Synopses & Reviews
Why is homosexuality socially marginal yet symbolically central? Why is it so strangely integral to the very societies which obsessively denounce it, and why is it history--rather than human nature--that has produced this paradoxical position? These are just some of the questions explored in
Sexual Dissidence.
Written by a leading critic in gender studies, this wide-ranging study returns to the early modern period in order to focus, question, and develop issues of postmodernity, and in the process brilliantly link writers as diverse as Shakespeare, André Gide, Oscar Wilde, and Jean Genet, and cultural critics as different as St. Augustine, Frantz Fanon, and Michel Foucault. In so doing, Dollimore discovers that Freud's theory of perversion is more challenging than either his critics or his advocates usually allow, especially when approached via the earlier period's archetypal perverts, the religious heretic and the wayward woman, Satan and Eve.

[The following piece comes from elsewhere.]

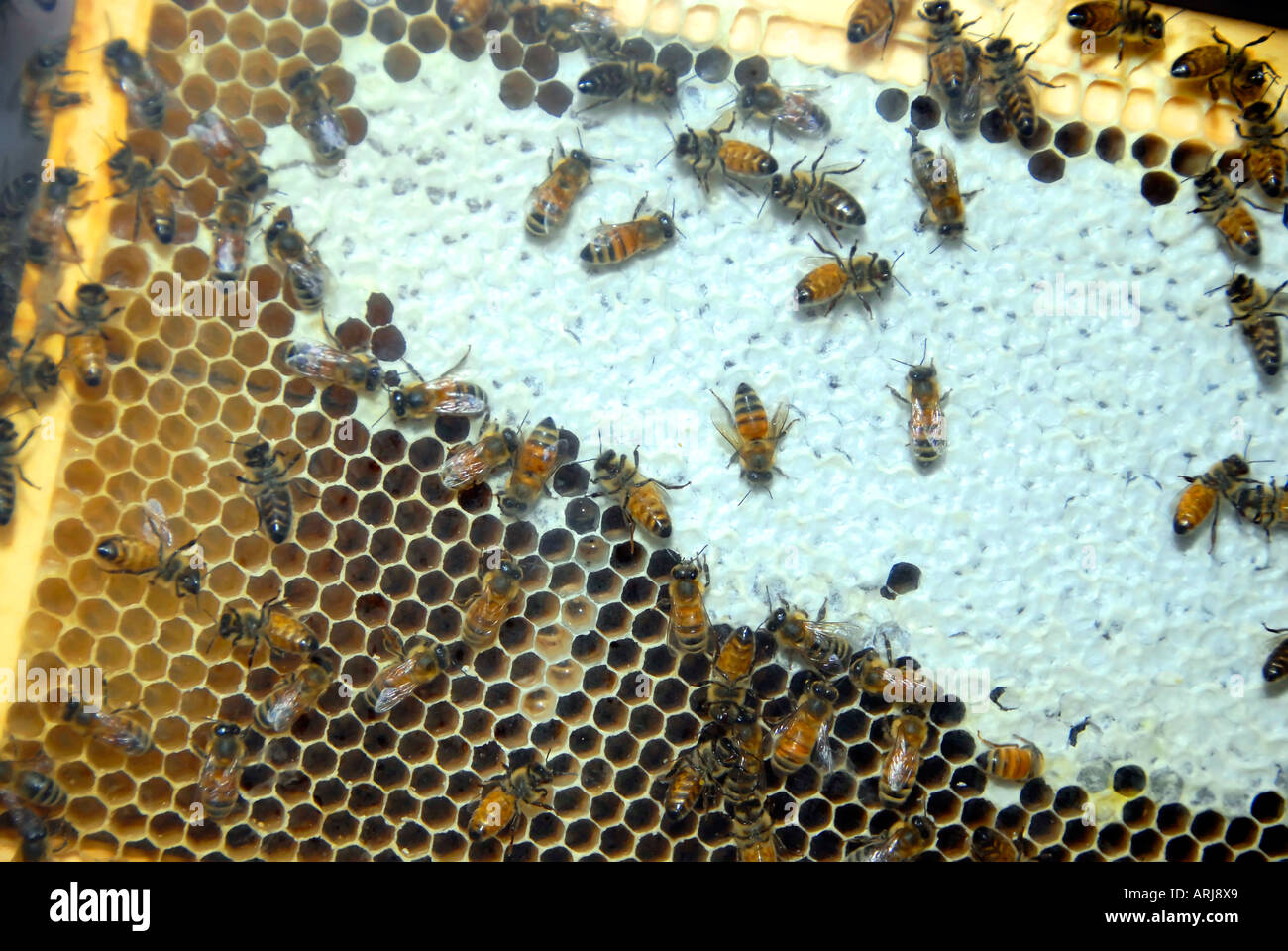 Michigan home grown honey bee products on display at the Michigan State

A path-breaking book in a rapidly expanding field of literary and cultural study, Sexual Dissidence shows how the literature, histories, and subcultures of sexual and gender dissidence prove remarkably illuminating for current debates in literary theory, psychoanalysis, and cultural materialism. It includes chapters on transgression and its containment, contemporary theories of sexual difference, homophobia, the gay sensibility, transvestite literature in the culture and theatre of Renaissance England, homosexuality, and race.
Review
"Dollimore's study of psychoanalytic, historical, and literary formulations of same-sex desire is ambitious, stimulating, and sometimes exasperating. He opens with Gide and Wilde and closes with Genet and Fanon. In between (and in no particular order) he discusses Augustine's problematic view of sexual desire, reconsiders Freud's etiology of homosexuality, and examines Othello, Rubyfruit Jungle, and Sontag's 'Notes on Camp.' The vigorous heterogeneity results in a book as brave as it is uneven. But its greatest strength is the vigor and irreverence with which it details the degree to which same-sex desire is perpetually at the center of cultures that strenuously attempt to push it to the margins." Reviewed by Daniel Weiss, Virginia Quarterly Review (Copyright 2006 Virginia Quarterly Review)
Review
"Appears well placed to make an influential intervention in cultural theory on both sides of the Atlantic....A carefully argued, thought-provoking book that makes fascinating connections among different kinds of discourse while carrying an affective punch far beyond the academic routine."--Modern Language Quarterly
"Dollimore's amazing command of Western literary culture is evident in the historical and disciplinary sweep of his book."--Signs
"This is a thoughtful and challenging book, not only for its reappraisals of hoary academic controversies like the constructionist-essentialist standoff, but because of the many intriguing analytical formulations it propounds."--Choice
"A massive and authoritative contribution to the debate on cultural politics....Every student should own and use a copy. More to the point, so should anyone who presumes to teach."--Times Higher Education Supplement
"A substantial and ambitious book....It is a book that needed to be written, requiring the courage to tackle several conventionally distinct fields of knowledge and interpretation."--Times Literary Supplement
Description
Includes bibliographical references (p. [359]-381) and index.